The world’s leading publication for data science, AI, and ML professionals.

A New Way to Predict Probability Distributions

Exploring multi-quantile regression with Catboost

Dice. Image by Author.
Dice. Image by Author.

How confident can we be in a Machine Learning model’s prediction? This question has been a prominent area of research over the last decade, and it has major implications in high-stakes machine learning applications such as finance and healthcare. While many classification models, particularly calibrated models, come with uncertainty quantification by predicting a probability distribution over target classes, quantifying uncertainty in regression tasks is much more nuanced.

Amongst many proposed methods, quantile regression is one of the most popular because no assumptions are made about the target distribution. Until recently, the main disadvantage of quantile regression was that one model had to be trained per predicted quantile. For instance, in order to predict the 10th, 50th, and 90th quantiles of a target distribution, three independent models would need to be trained. Catboost has since addressed this issue with the multi-quantile loss function – a loss function that enables a single model to predict an arbitrary number of quantiles.

This article will explore two examples using the multi-quantile loss function on synthetic data.
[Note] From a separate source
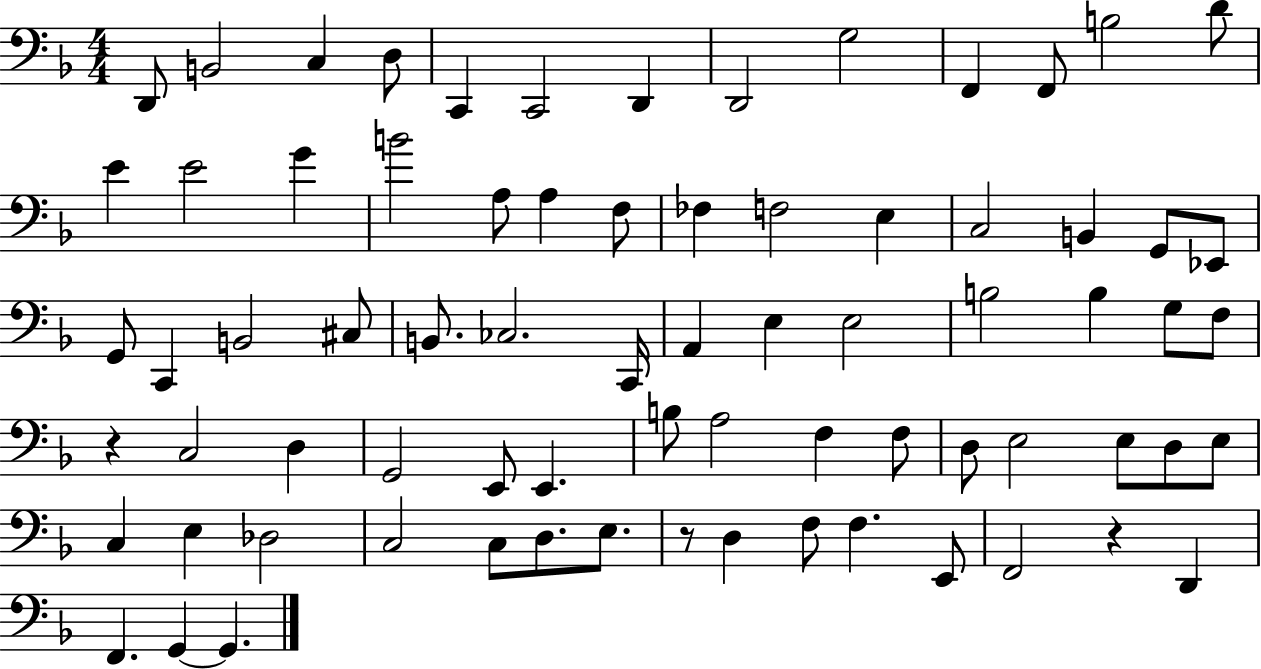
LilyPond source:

While these examples aren’t necessarily reflective of real-world datasets, they will help us understand how well this loss function quantifies uncertainty by predicting the quantiles of a target distribution. For a quick refresher on noise and uncertainty in machine learning, see this article:

Understanding Noisy Data and Uncertainty in Machine Learning

A follow-up to this article is now available:

Another (Conformal) Way to Predict Probability Distributions

A Brief Overview of Quantile Regression

In supervised machine learning, the usual task is to train a model that predicts the expected value of a target given a set of input features:

Supervised Machine Learning. Image by Author.
Supervised Machine Learning. Image by Author.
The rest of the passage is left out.